:: WHAT YOU WILL DO ::
Copy the lines below exactly. No picture goes into the copy.

:: MATERIAL PROVIDED ::
==*==
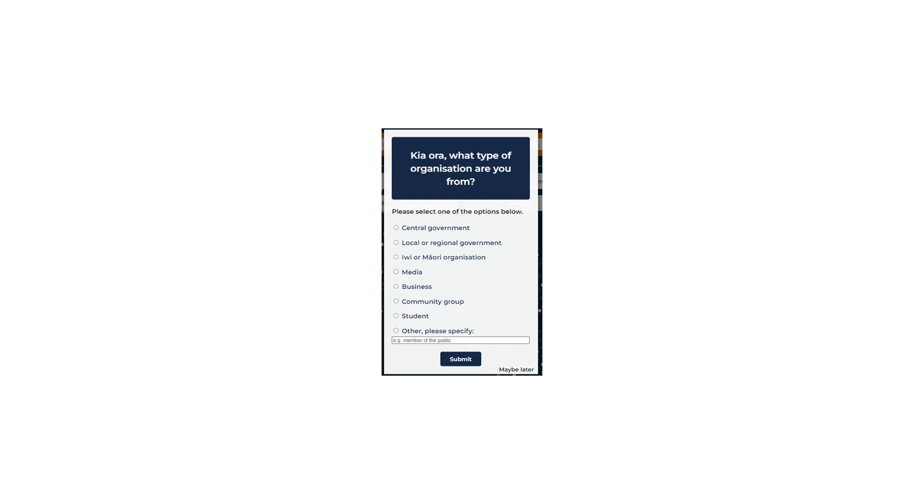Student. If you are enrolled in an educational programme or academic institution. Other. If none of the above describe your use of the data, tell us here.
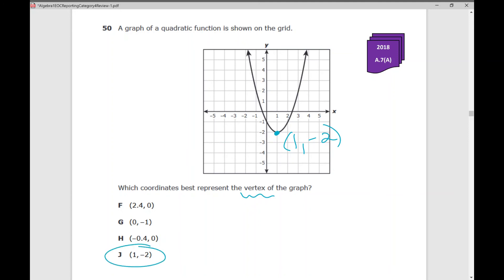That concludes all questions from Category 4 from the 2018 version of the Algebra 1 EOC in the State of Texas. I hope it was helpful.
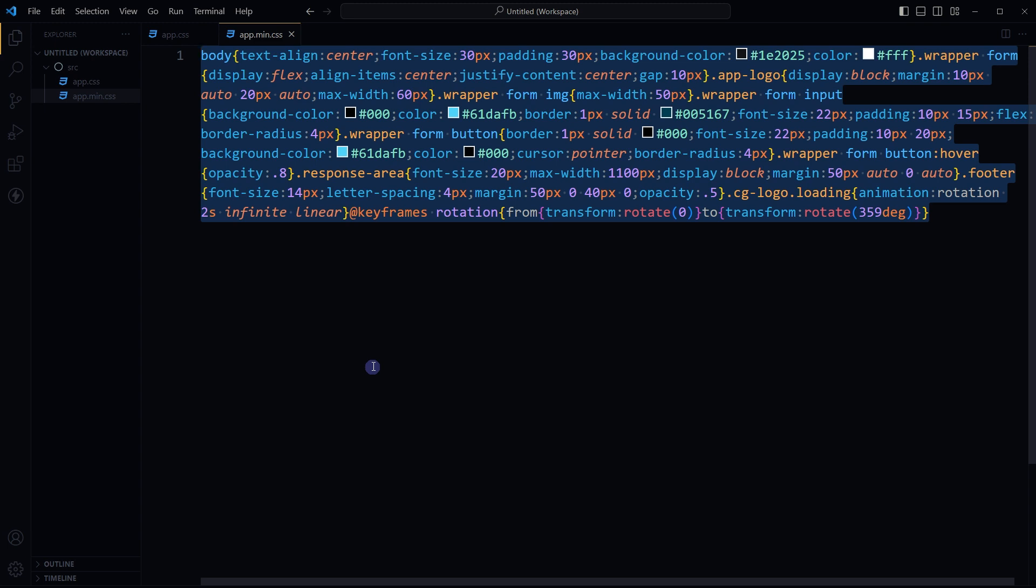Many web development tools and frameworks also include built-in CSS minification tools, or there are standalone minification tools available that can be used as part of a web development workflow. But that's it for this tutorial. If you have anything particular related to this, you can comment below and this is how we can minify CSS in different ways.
==*==
:: ANSWER SPACE ::
Student. If you are enrolled in an educational programme or academic institution. Other. If none of the above describe your use of the data, tell us here.
That concludes all questions from Category 4 from the 2018 version of the Algebra 1 EOC in the State of Texas. I hope it was helpful.
Many web development tools and frameworks also include built-in CSS minification tools, or there are standalone minification tools available that can be used as part of a web development workflow. But that's it for this tutorial. If you have anything particular related to this, you can comment below and this is how we can minify CSS in different ways.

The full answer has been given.